MATERIAL FOR THE TASK>
:::::

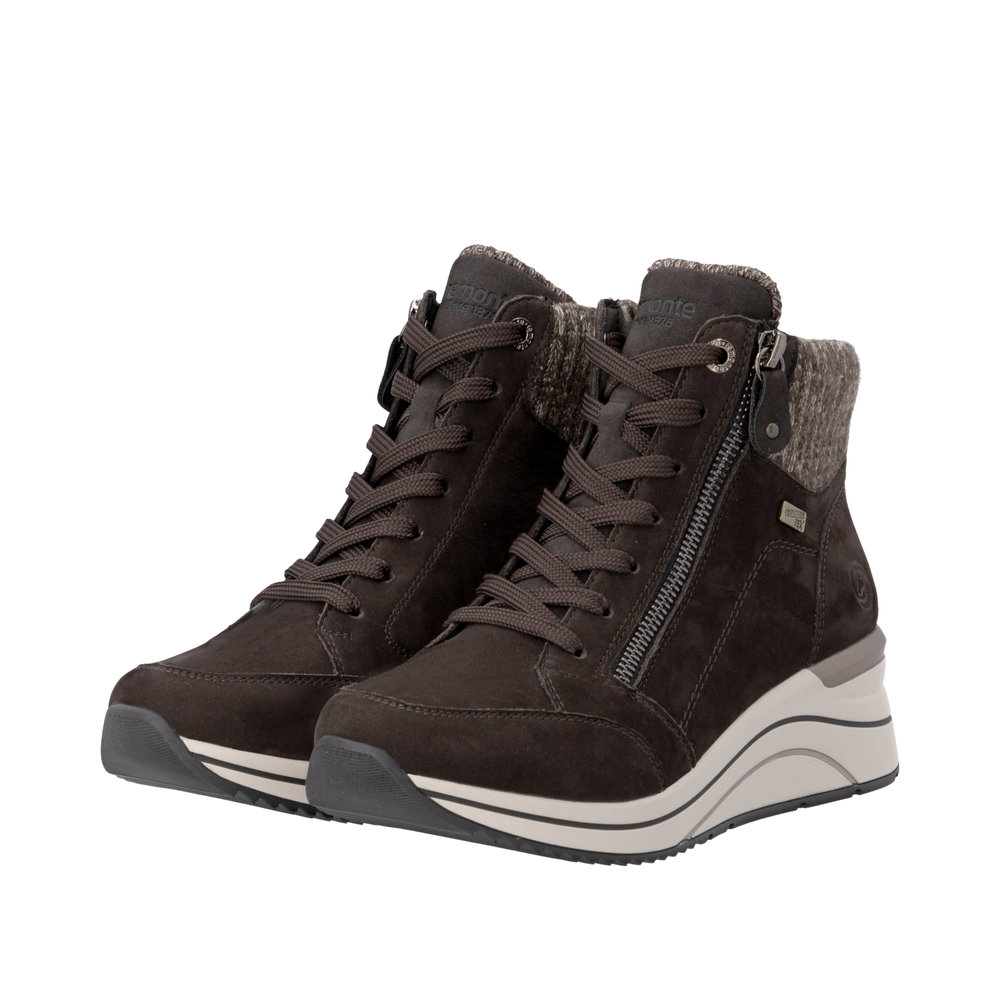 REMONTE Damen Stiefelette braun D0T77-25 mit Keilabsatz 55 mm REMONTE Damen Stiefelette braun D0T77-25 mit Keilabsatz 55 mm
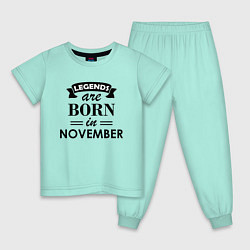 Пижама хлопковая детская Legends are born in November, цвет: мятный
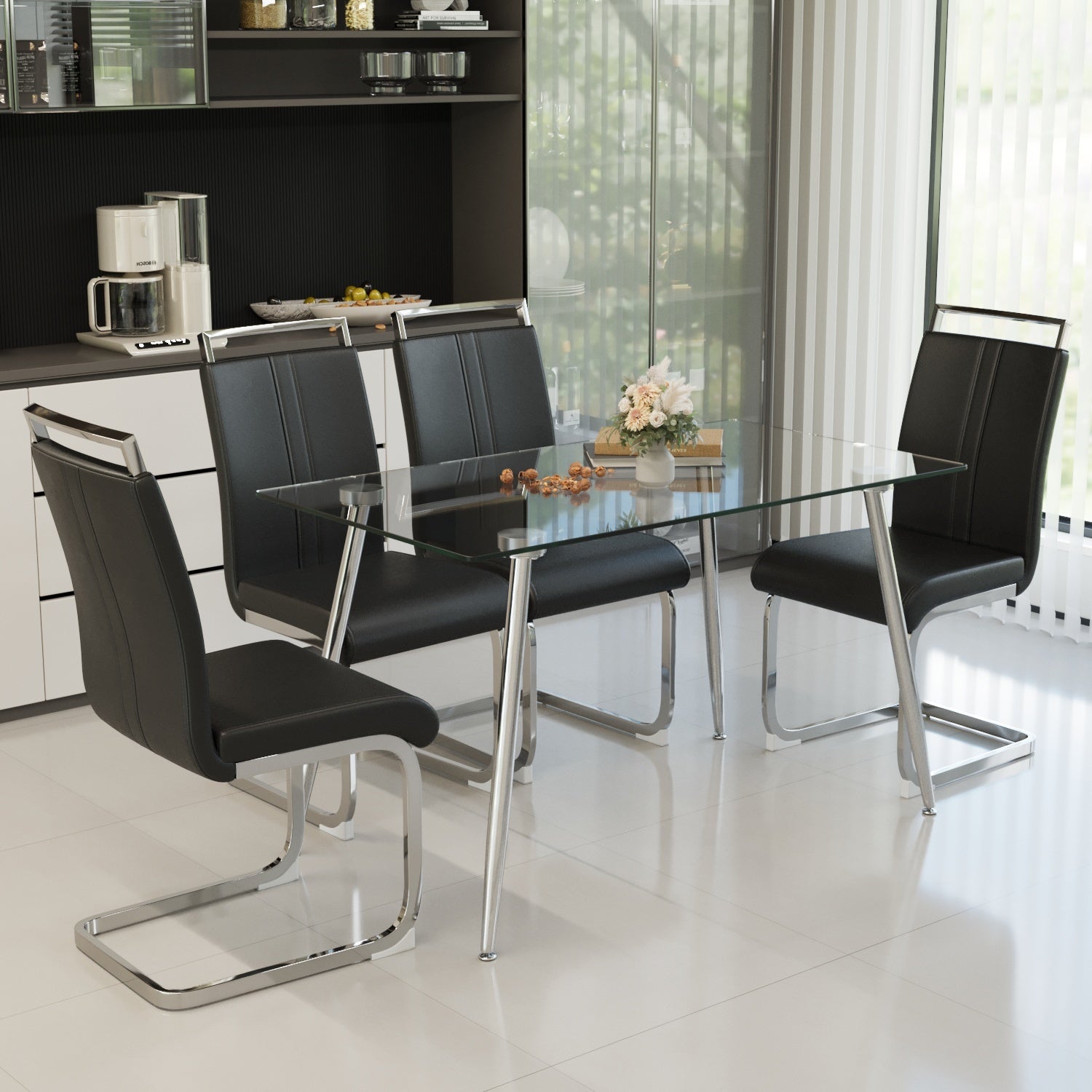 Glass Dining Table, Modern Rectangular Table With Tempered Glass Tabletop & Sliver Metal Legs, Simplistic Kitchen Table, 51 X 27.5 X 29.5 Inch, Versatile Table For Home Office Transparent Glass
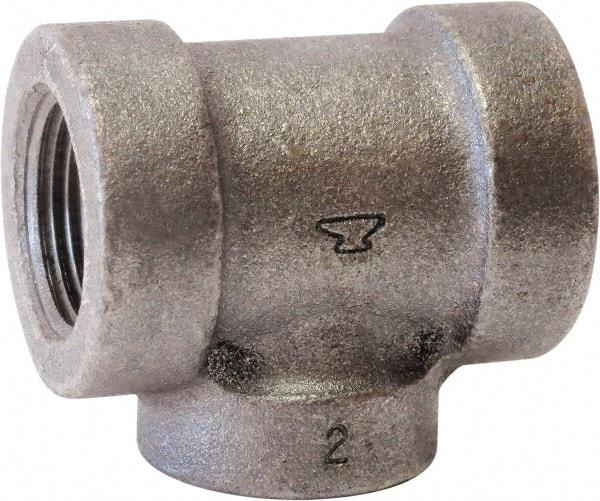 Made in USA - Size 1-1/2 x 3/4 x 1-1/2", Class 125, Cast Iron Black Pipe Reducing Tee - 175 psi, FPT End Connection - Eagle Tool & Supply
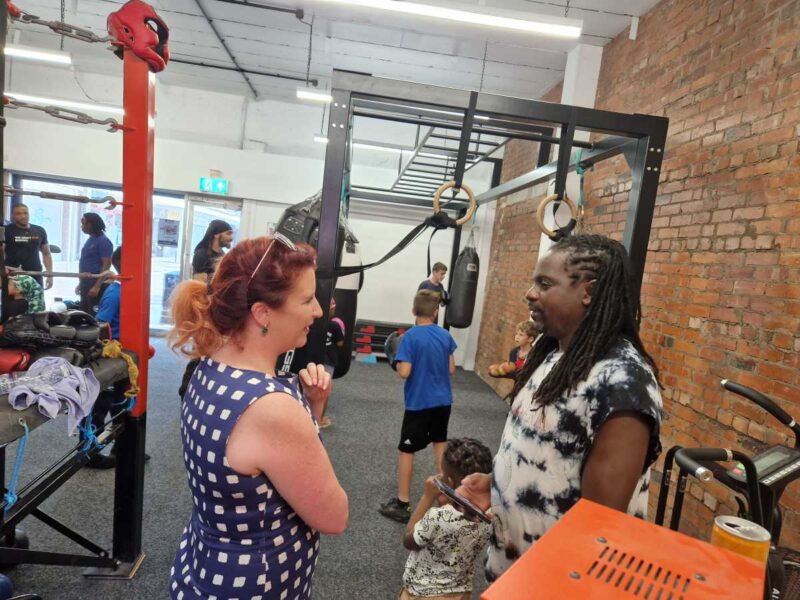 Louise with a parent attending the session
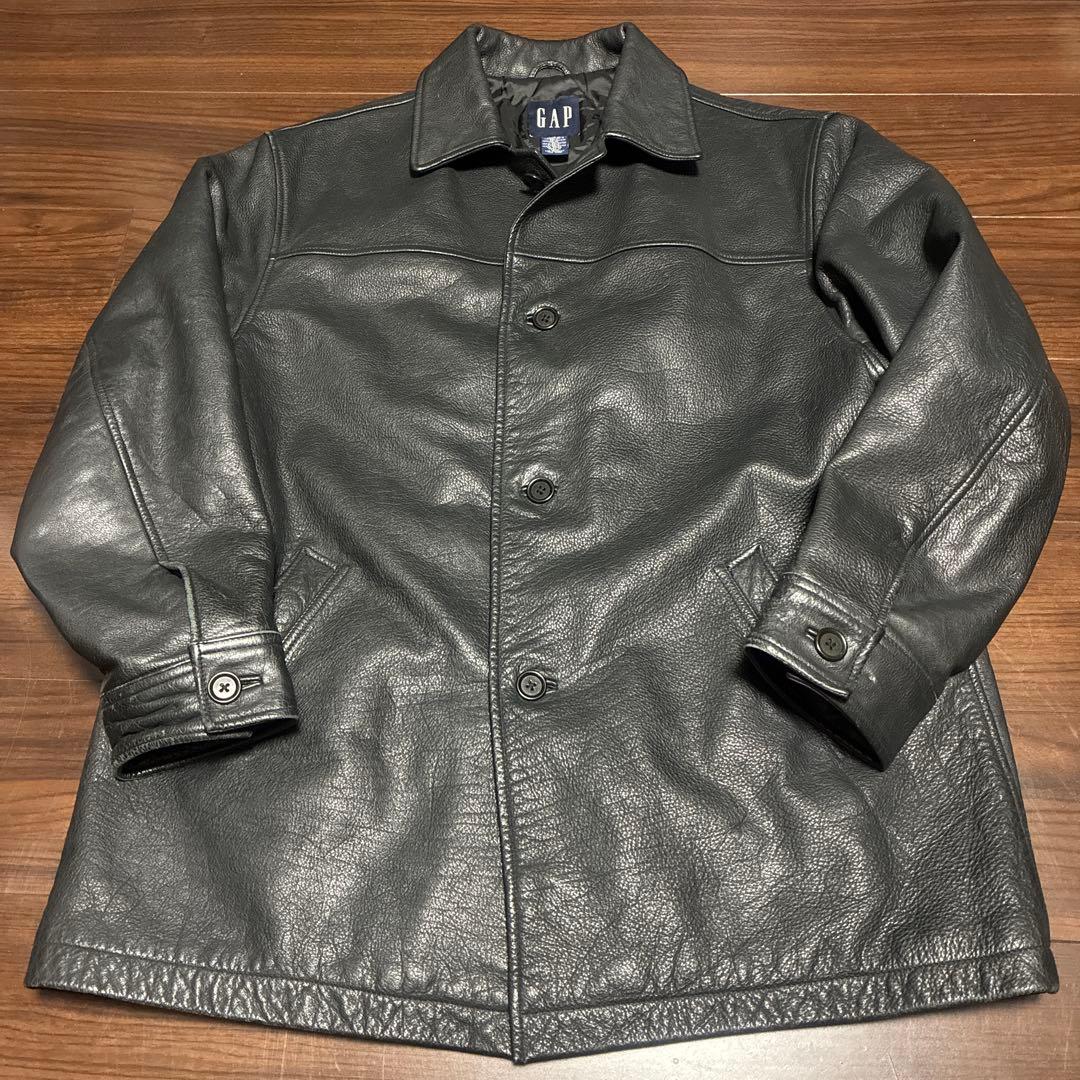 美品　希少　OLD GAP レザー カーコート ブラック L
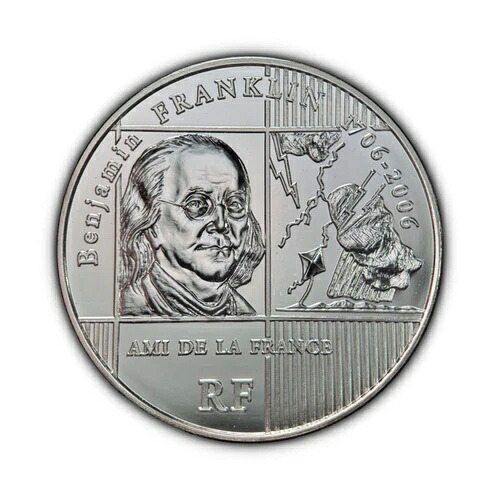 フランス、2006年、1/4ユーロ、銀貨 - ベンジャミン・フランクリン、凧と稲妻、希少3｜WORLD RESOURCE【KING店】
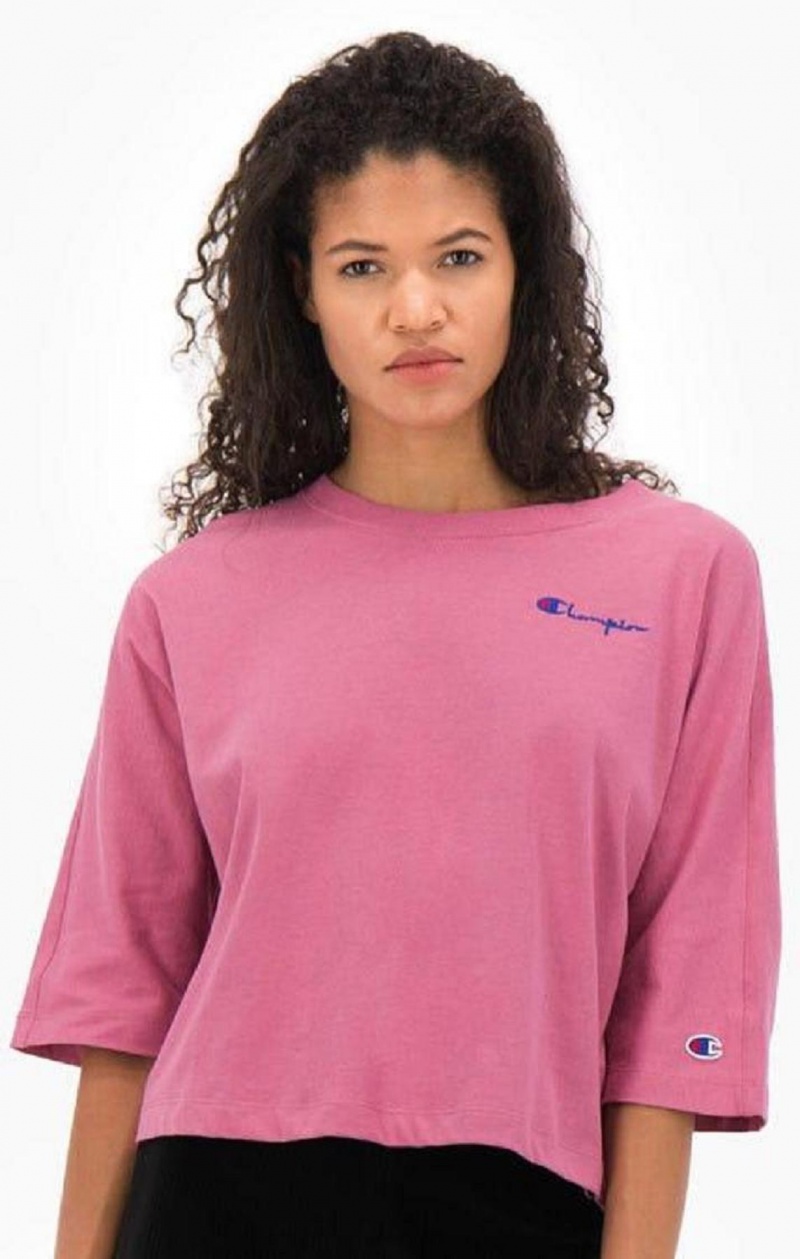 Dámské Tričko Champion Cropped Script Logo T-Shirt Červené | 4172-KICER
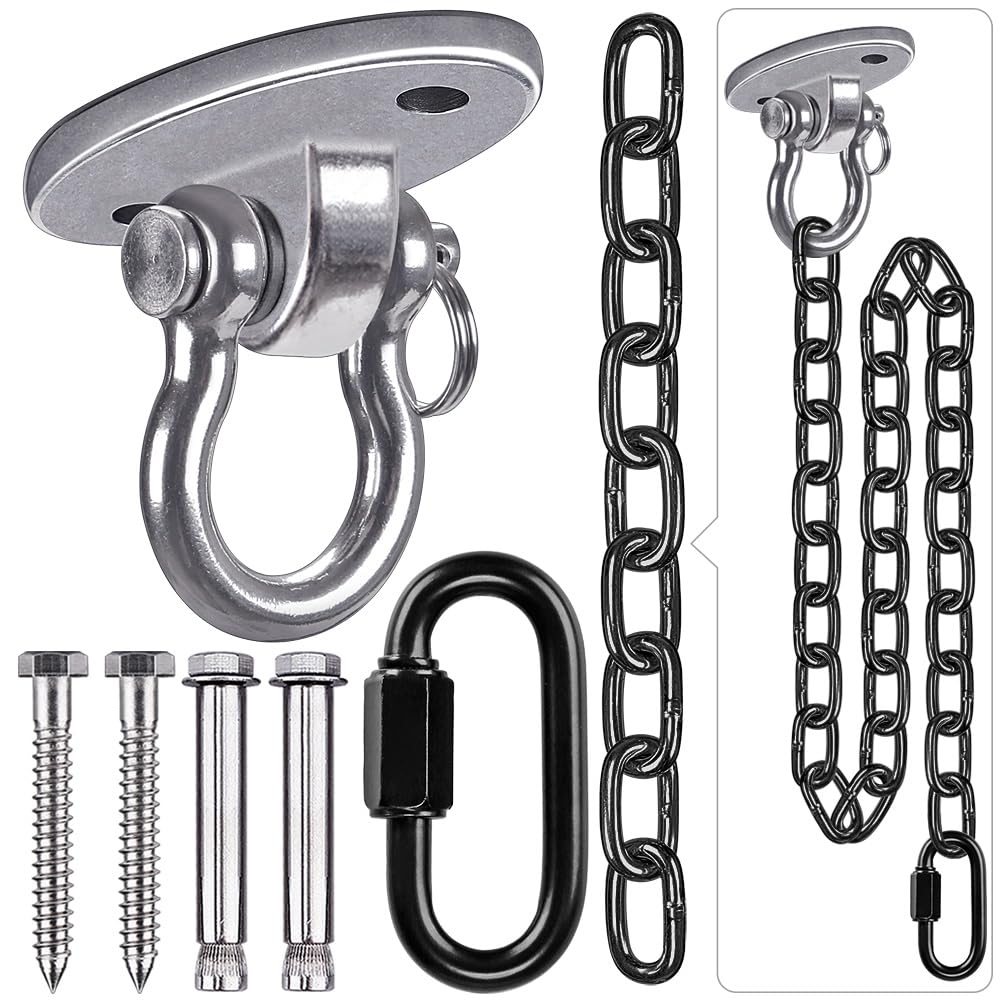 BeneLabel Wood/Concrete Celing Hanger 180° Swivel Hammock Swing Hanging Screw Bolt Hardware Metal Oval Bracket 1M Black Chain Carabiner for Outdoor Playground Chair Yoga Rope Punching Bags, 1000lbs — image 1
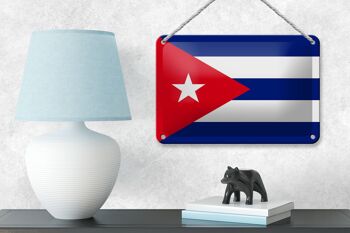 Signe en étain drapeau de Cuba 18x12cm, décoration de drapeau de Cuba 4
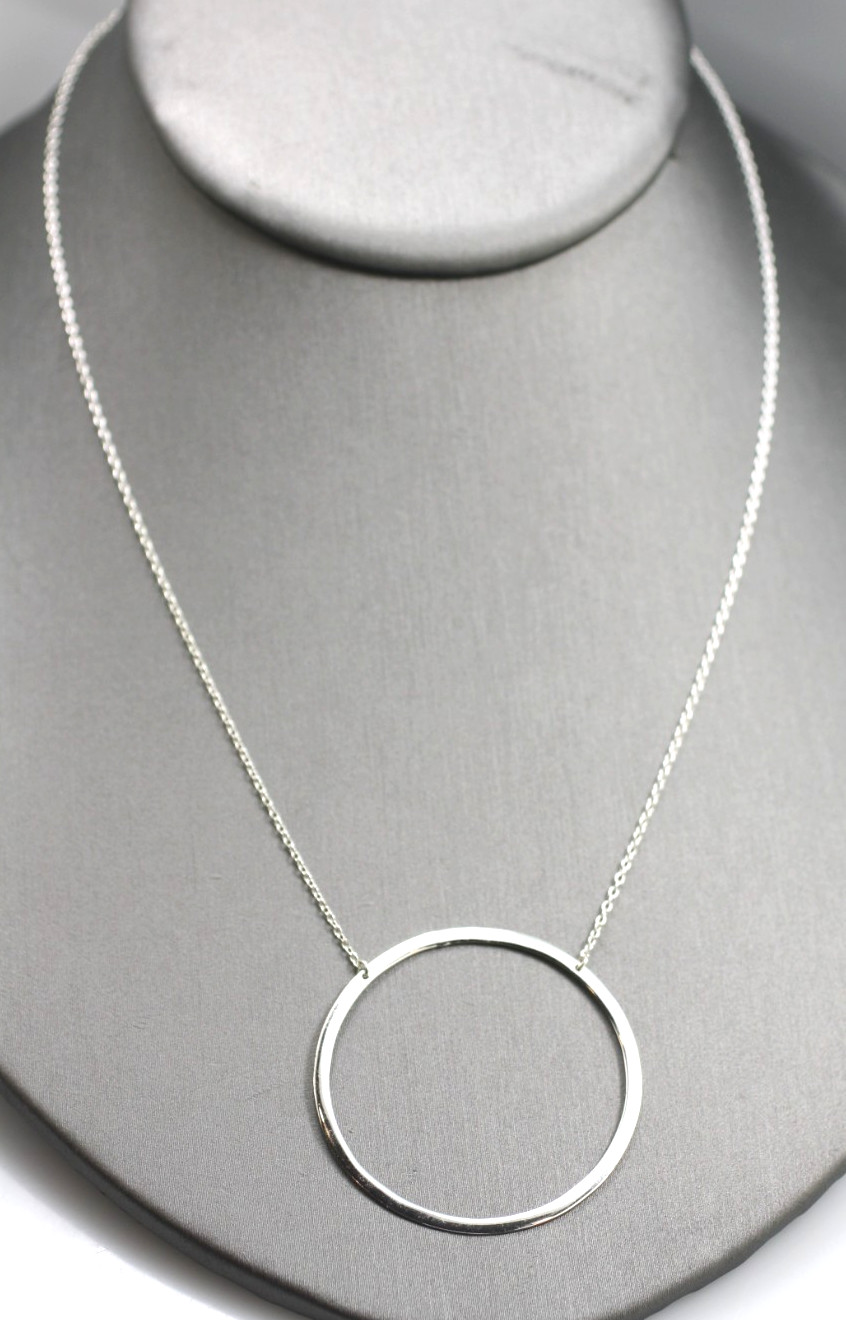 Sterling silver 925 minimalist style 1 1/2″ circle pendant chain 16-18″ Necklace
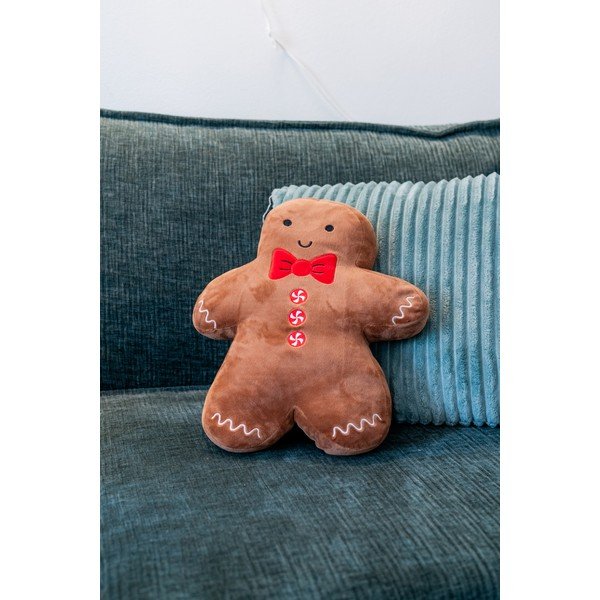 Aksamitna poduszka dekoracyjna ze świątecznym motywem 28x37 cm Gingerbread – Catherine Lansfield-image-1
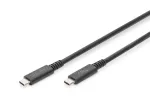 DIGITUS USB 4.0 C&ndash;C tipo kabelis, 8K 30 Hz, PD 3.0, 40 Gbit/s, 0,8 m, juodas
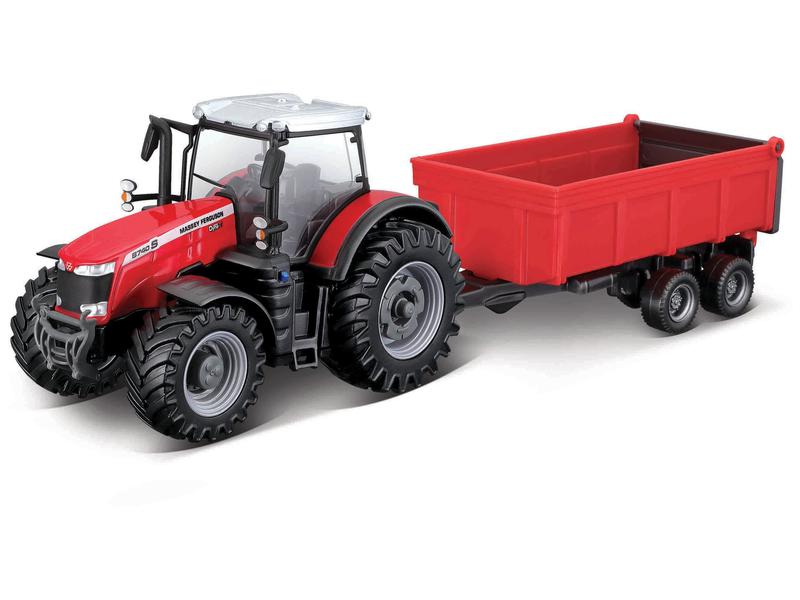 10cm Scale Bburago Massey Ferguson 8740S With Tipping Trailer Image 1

:::::

An exact, image-free transcript of the material is required.

EXERCISE RESULT>
 REMONTE Damen Stiefelette braun D0T77-25 mit Keilabsatz 55 mm REMONTE Damen Stiefelette braun D0T77-25 mit Keilabsatz 55 mm
 Пижама хлопковая детская Legends are born in November, цвет: мятный
 Glass Dining Table, Modern Rectangular Table With Tempered Glass Tabletop & Sliver Metal Legs, Simplistic Kitchen Table, 51 X 27.5 X 29.5 Inch, Versatile Table For Home Office Transparent Glass
 Made in USA - Size 1-1/2 x 3/4 x 1-1/2", Class 125, Cast Iron Black Pipe Reducing Tee - 175 psi, FPT End Connection - Eagle Tool & Supply
 Louise with a parent attending the session
 美品　希少　OLD GAP レザー カーコート ブラック L
 フランス、2006年、1/4ユーロ、銀貨 - ベンジャミン・フランクリン、凧と稲妻、希少3｜WORLD RESOURCE【KING店】
 Dámské Tričko Champion Cropped Script Logo T-Shirt Červené | 4172-KICER
 BeneLabel Wood/Concrete Celing Hanger 180° Swivel Hammock Swing Hanging Screw Bolt Hardware Metal Oval Bracket 1M Black Chain Carabiner for Outdoor Playground Chair Yoga Rope Punching Bags, 1000lbs — image 1
 Signe en étain drapeau de Cuba 18x12cm, décoration de drapeau de Cuba 4
 Sterling silver 925 minimalist style 1 1/2″ circle pendant chain 16-18″ Necklace
 Aksamitna poduszka dekoracyjna ze świątecznym motywem 28x37 cm Gingerbread – Catherine Lansfield-image-1
 DIGITUS USB 4.0 C&ndash;C tipo kabelis, 8K 30 Hz, PD 3.0, 40 Gbit/s, 0,8 m, juodas
 10cm Scale Bburago Massey Ferguson 8740S With Tipping Trailer Image 1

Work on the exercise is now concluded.